「もし私が感染すれば…」葛藤抱える看護師 娘がいるから頑張れる

 コロナ禍の市民生活を現場で支える医療従事者らエッセンシャルワーカー。看護師の裕子さん=仮名、30代=は福岡市の病院で働く。担当する病棟には、がん患者ら免疫力が弱い人が多い。「もし私が感染すれば、あっという間に患者さんを死なせてしまうかも」。危機感は強い。

 緊急事態宣言が出た4月、在宅勤務に切り替える人が増えた。ある朝、娘(6)が通う保育園から電話があった。「クラスはきょう娘さん1人だけなんですけど、来られますか」。台風が来ても、子どもの体調が悪くても自分はテレワークなんかできない。夫も職場の定休日以外は休めない。「休めないのは私一人なんだ、と初めて気が付いた」

 夏ごろ、担当する患者がコロナに感染した。マスクやガウンなど常に“フル装備”だったが、PCR検査の結果を待つ数日間は「むちゃくちゃ怖かった」。家の中でもマスクを着け、タオルは別にした。でも娘は寝床で口元ギリギリまで近づいてくる。「うつさないのは無理」と覚悟した。

 途切れぬ緊張の日々。世の中にいら立つこともあった。10月末のハロウィーン、福岡市の警固公園で若者たちが大騒ぎする姿をニュースで見かけた。マスクなしの人も多かった。「自分は大丈夫」と言っても感染したら病院に来るはず。無責任さに腹が立った。
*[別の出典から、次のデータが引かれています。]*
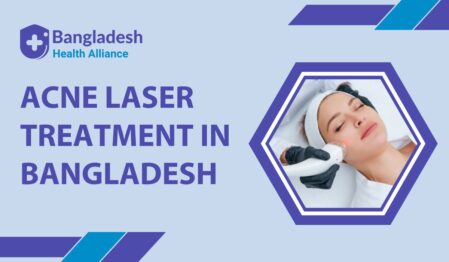 Acne Laser Treatment in Bangladesh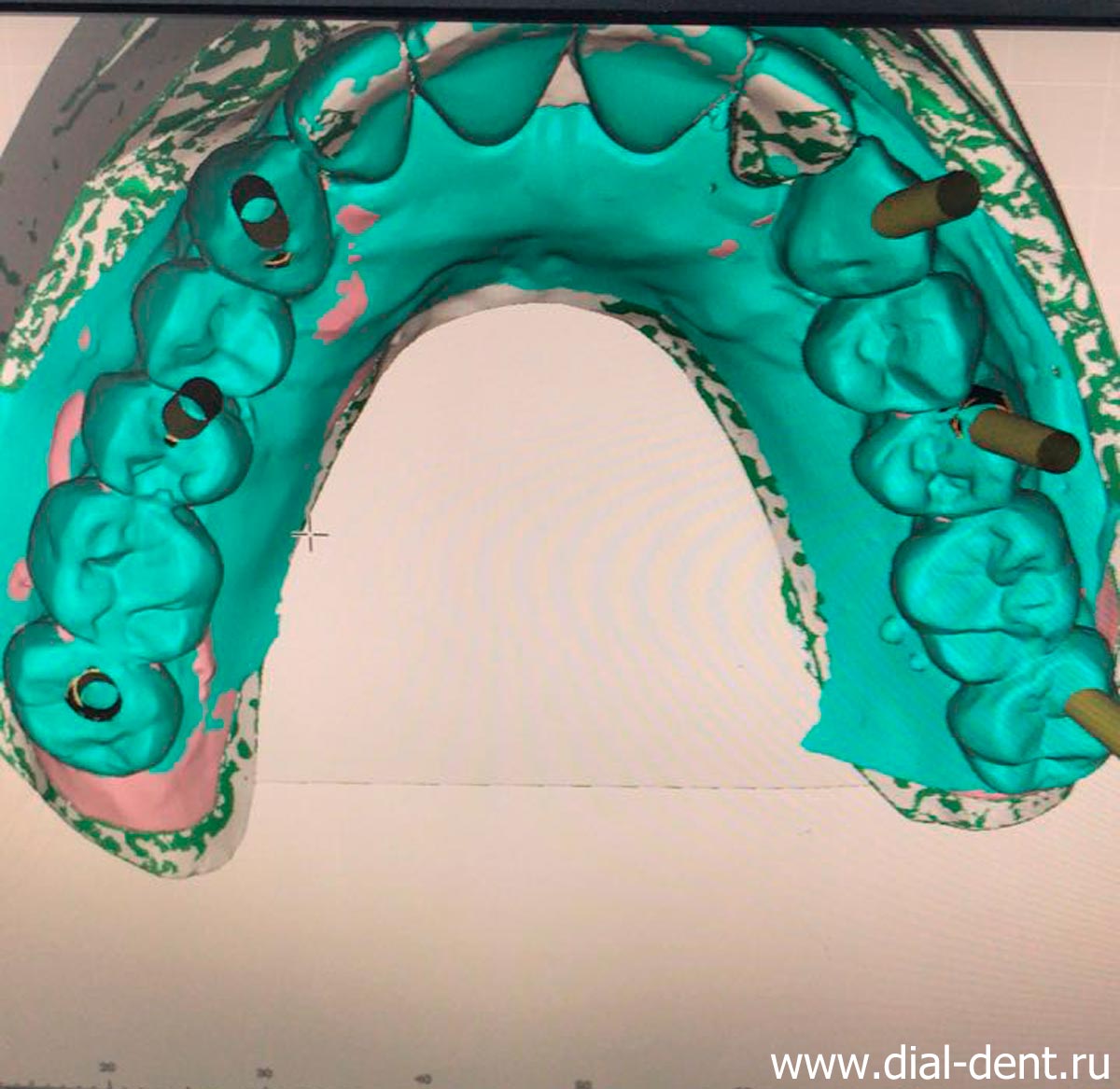 разработка хирургического шаблона для установки зубных имплантов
 3月に送別会が中止になって以降、職場の飲み会はない。娘の誕生日に合わせた旅行は他の人と接触しないグランピングにした。友人との外食も極力控えている。「医療従事者だから当たり前って言われるけど、私たちが我慢しても感染者は日に日に増えている」。行き場のない思いが募る。

 「患者さんにも家族にも絶対後悔してほしくない」と、最期をみとる仕事の重みに誇りを感じてきた。なのに、家族が面会できるのは、いまわの際のわずかな時間だけ。言葉を交わせない容体のときもある。「元気な時間もあるのに会わせてあげられない。もったいないと思うこともあります」。葛藤を抱える毎日だ。
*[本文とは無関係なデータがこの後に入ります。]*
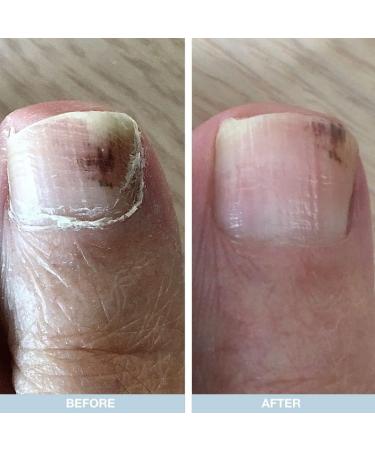 Feet and Nails Care Kit with Tea Tree Oil - Foot Cream Heel Repair and Nail Repair for Softer Healthier Feet and Nails - Moisturizes Soothes and Repairs Dry and Cracked Heels - Buy Online on GoSupps.com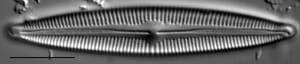Cymbopleura Incertiformis 1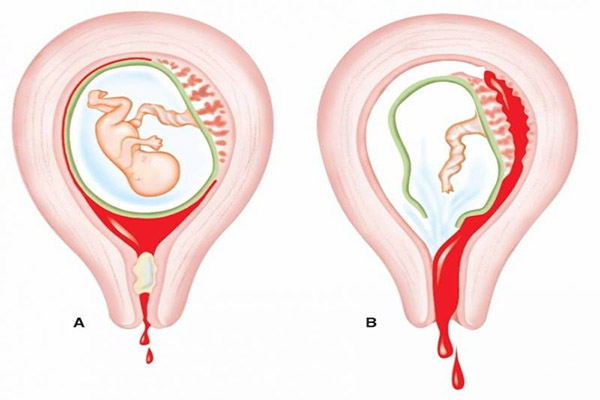 Sót nhau thai có triệu chứng gì? Nguyên nhân và cách xử lý an toàn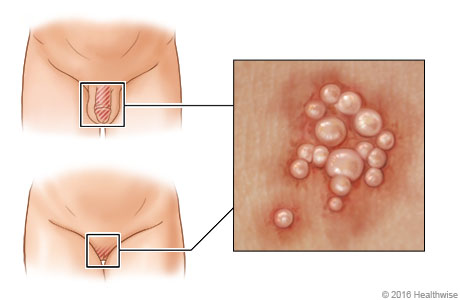 Location of genital herpes in men and women, with close-up of blisters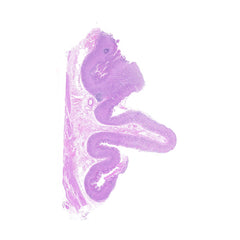 Human FFPE NAT Stomach Tissue HuN-24-0042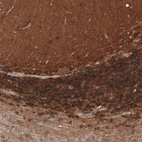 Immunohistochemical staining of human cerebellum shows moderate cytoplasmic/ membranous positivity in cells in granular layer.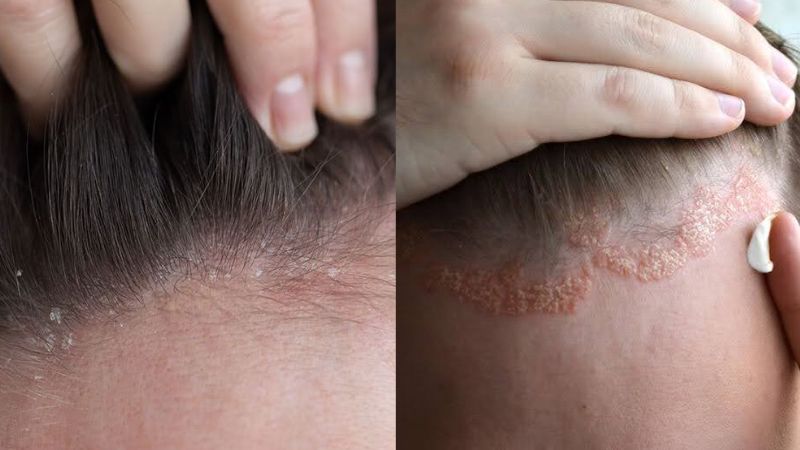 درماتیت سبوره‌ای (Seborrheic Dermatitis)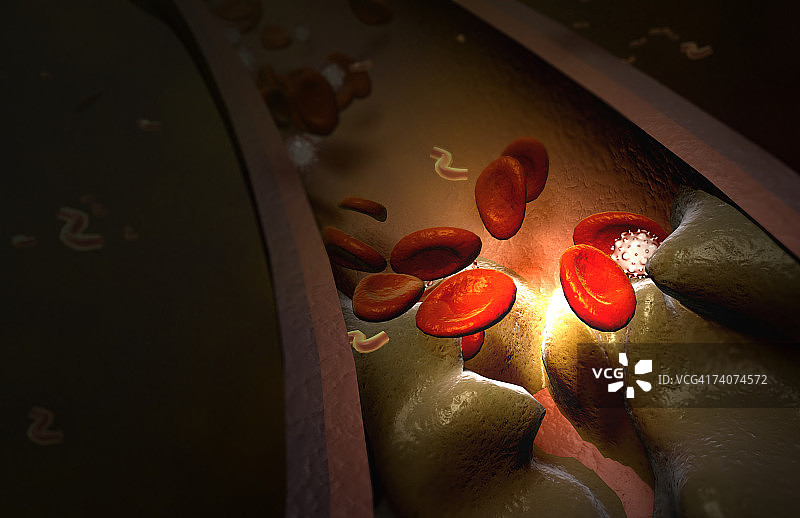 血凝块图片素材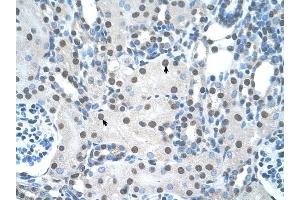 YWHAQ antibody was used for immunohistochemistry at a concentration of 4-8 ug/ml to stain Epithelial cells of renal tubule (arrows) in Human Kidney. (14-3-3 theta antibody  (N-Term))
 思うように外出もできない日々の中でふと思った。家族がいなかったらどうなっていただろう。娘が生まれて8カ月で復帰し、夜勤をこなしてきた。「この子がいるから頑張れる」。仕事のことを理解し気遣ってくれる娘がいとおしい。

 年末年始の休みは31日だけ。「第3波」に医療機関は追い詰められている。「仕事が嫌とか思ったことはない。ずっとそういう生活してきたから。でも個人の努力じゃどうしようもない段階に来ているんじゃないか」と感じる。
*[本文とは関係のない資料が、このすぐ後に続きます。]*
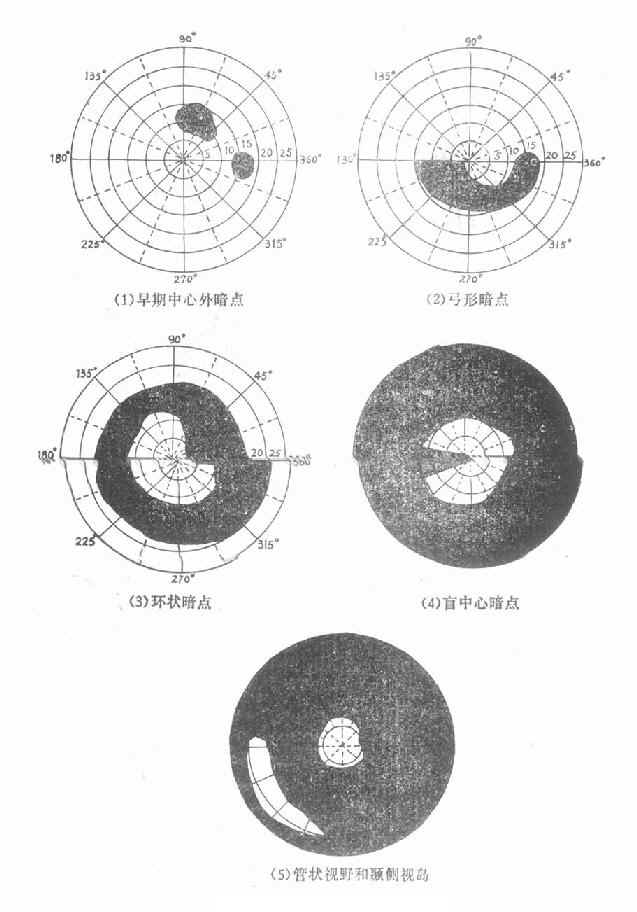 开角型青光眼的视野改变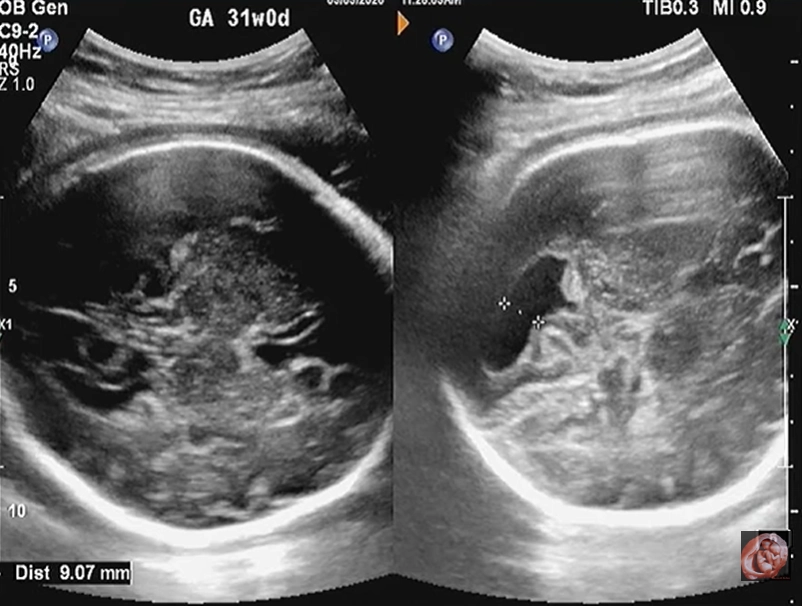 Loạn sản khu trú đầu trên xương đùi thai nhi (Proximal Focal Femoral Deficiency - PFFD)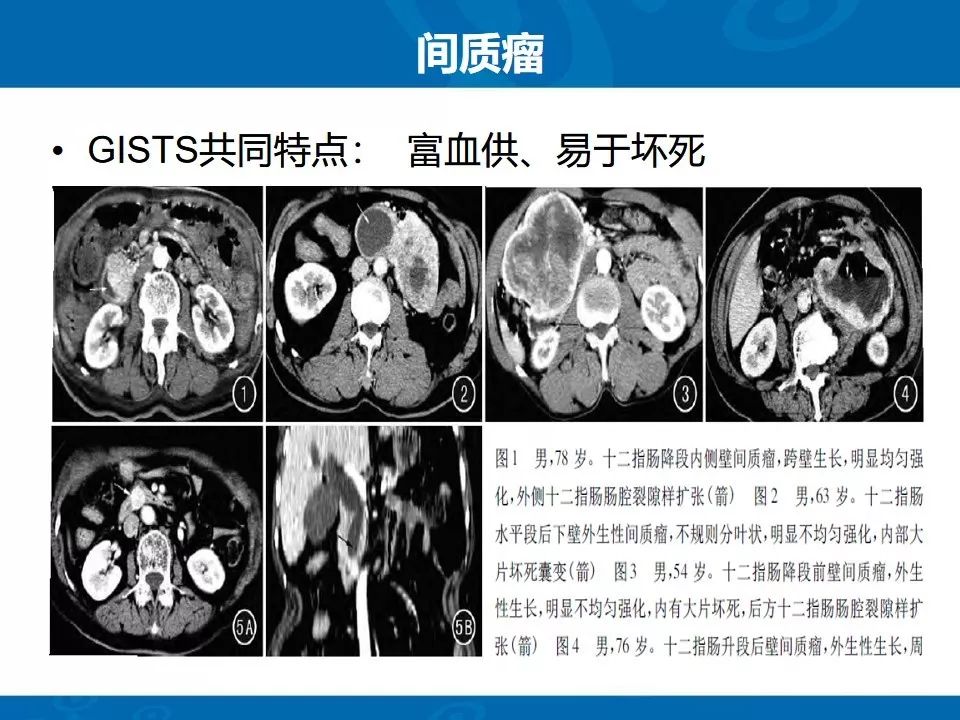影像PPT - 【PPT】十二指肠常见病变影像诊断-29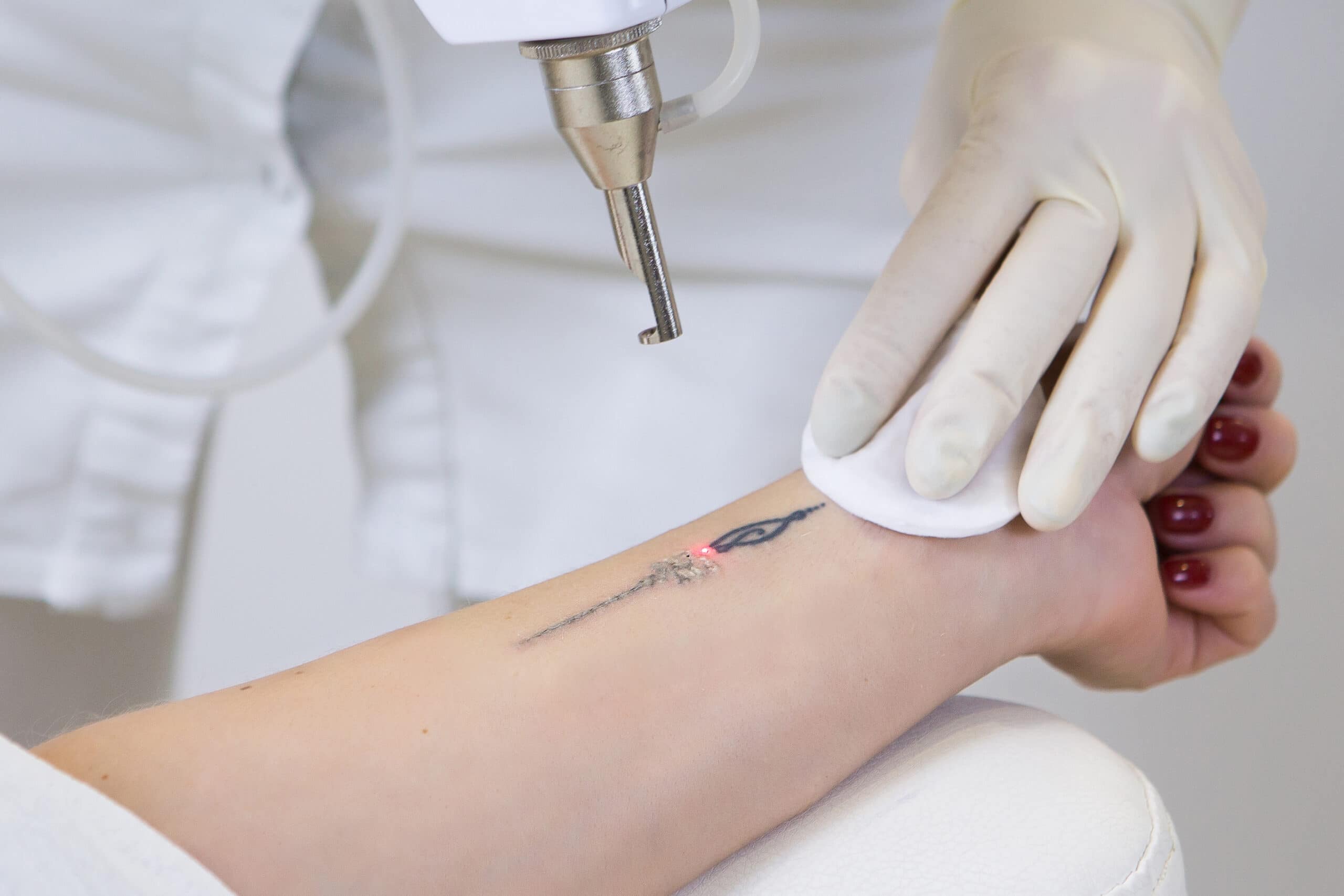 A Closer Look at Options for Optimal Tattoo Removal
 自粛ムードが強まる一方で、感染対策の緩みが気になる。あふれる情報の真偽を見定める毎日に、皆疲れ果てている。自分の“正しさ”に合わない相手を責める風潮も、ますます世を覆っていないか。自分が間違っているとは思わないけれど、「世間の人とは違うんだろうなあ」と思う。いや、もしかすると「私のほうがずれてるのかな」。 (金沢皓介)

離職、15%の病院で

 看護師の労働環境は厳しさを増している。日本看護協会が22日に発表した調査結果によると、9月に全国8300病院を対象に行った調査で、回答があった2765病院のうち、看護師や准看護師の離職があったのは15.4%。新型コロナ感染症の患者を受け入れた医療機関に絞ると21.3%に上った。

 個々の看護師らへの調査では、3万8479人のうち、20.5%が差別や偏見があったと回答。「家族や親族が出勤を止められた」「子どもが保育園や幼稚園の登園を断られた」というものもあった。